Ethnic/Cultural Info
Sicilian Vanilla oranges are notably grown in Ribera, a city nicknamed the “City of Oranges.” Ribera is a commune in the province of Agrigento along the southwestern coast of Sicily, known for its Mediterranean climate and fertile soil. The region has historically been accessible to grow and transport citrus along roads to other cities, and ample sunlight and distinct soil mixed with the salty air produce sweet, flavorful oranges. Ribera is home to several varieties of oranges generally sold under the Ribera orange name, including Brasiliano Washington Navel and Navelina, but Vanilla oranges are sold separately from the other cultivars to highlight their distinct aroma and taste. The aromatic nature of Vanilla oranges has increased in popularity in modern markets, and a specific seedless type is produced in Ribera, famously known as Vaniglia Apireno. Each citrus season, ripe Ribera oranges are hand-picked from trees and sold fresh in markets throughout Sicily, Italy, and other European countries. In December, an annual festival celebrating oranges in Ribera, locally known as the Ribera DOP Orange Festival, is held to promote the fruits. During the festival, locally grown oranges, including Vanilla oranges, are sampled, and vendors line the city streets with tables of homemade products scented or flavored with oranges. Chefs also host cooking demonstrations, and farmers offer tours of their orchards to inquiring visitors.
Geography/History
Vanilla oranges are thought to be descendants of sweet orange varieties introduced to Italy sometime in the 15th century.

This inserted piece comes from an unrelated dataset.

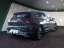 Volkswagen Golf DSG Golf VIII Move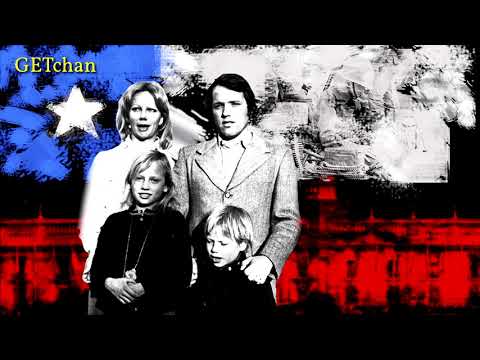Voittakaamme - Let Us Triumph (Finnish Version of Venceremos)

Orange cultivation, in general, was brought by the Arabs to Sicily in the 10th century, and there are several other possible theoretical introductions connecting oranges to the Portuguese explorer Vasco De Gama and Genoese sailors. In the early 15th century, some researchers hypothesize that Genoese sailors purchased citrus varieties from China and India in the Black Sea and transported the fruits back to Italy, where some cultivars, including Vanilla oranges, were planted in Sicily. Over time, oranges were selectively bred and allowed to naturally mutate to create new variations, including seedless fruits. Citrus production peaked in the 19th and early 20th centuries in Sicily, and Vanilla oranges eventually became a specialty variety, exported to other parts of Italy and other countries in Europe as a seasonal delicacy. Today, Sicilian Vanilla oranges are still grown in Sicily, especially near the city of Ribera, and are found through local markets, select retailers, and distributors. The Vanilla oranges featured in the photograph above were sourced through a local market in Palermo, Italy.